The Diagnosis: Tetrology of Fallot
Our princess was born on September 16, 2016 with Tetralogy of Fallot and Pulmonary Atresia. While in labor, the nurse noticed that Paislee’s heart was showing signs of arrhythmia. Instead of getting better it increased and my doctor became concerned. Throughout the pregnancy, the only complication I had was gestational diabetes, so immediately an emergency cesarean took place. Upon delivering a precious 8lb baby girl, my world was turned upside down. Being medicated didn’t really help too much; it just made it more difficult to understand what was happening.
The diagnosis came as a shock, and knowing I was going to be separated from my precious baby girl hit me even harder. She was transferred to Texas Children’s Hospital along with my husband. The hospital wanted to operate on her immediately, but they couldn’t guarantee that I would be able to see her grow. As one of Jehovah’s Witnesses we have strong beliefs when it comes to blood transfusions- this was a really big obstacle for us. We had no choice but to find someone who was comfortable operating without the use of blood. So with the help of our brothers in faith, we found Dr. John Kupferschmid and Dr. Mary Porisch in San Antonio, TX who was happy to accept Paislee’s case.
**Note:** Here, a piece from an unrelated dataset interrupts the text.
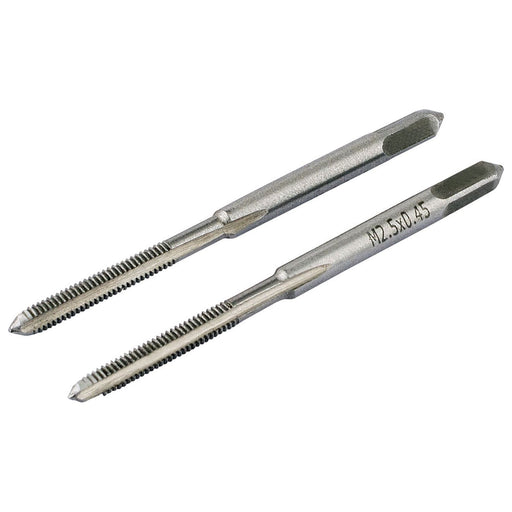 Draper Coarse Hand Taps Taper and Plug, 2.5mm 83794 Draper - Town Tools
On September 29, 2016 we were transported to Methodist Children’s Hospital in San Antonio, TX and within hours of being there Dr. Mary Porisch performed her first procedure: a PDA stent. We were able to take Paislee home on October 13, 2016 and we also have to keep up with her SpO2 stats twice daily. She will have the full repair in the future, but for now the plan is for her to grow and get bigger. She still has her monthly visits with her cardiologists here in Houston & San Antonio.
As of November 16, 2017, Paislee had her full repair surgery without a blood transfusion. The surgery was successful and she was admitted for 12 days, but we are currently happy to be home recovering.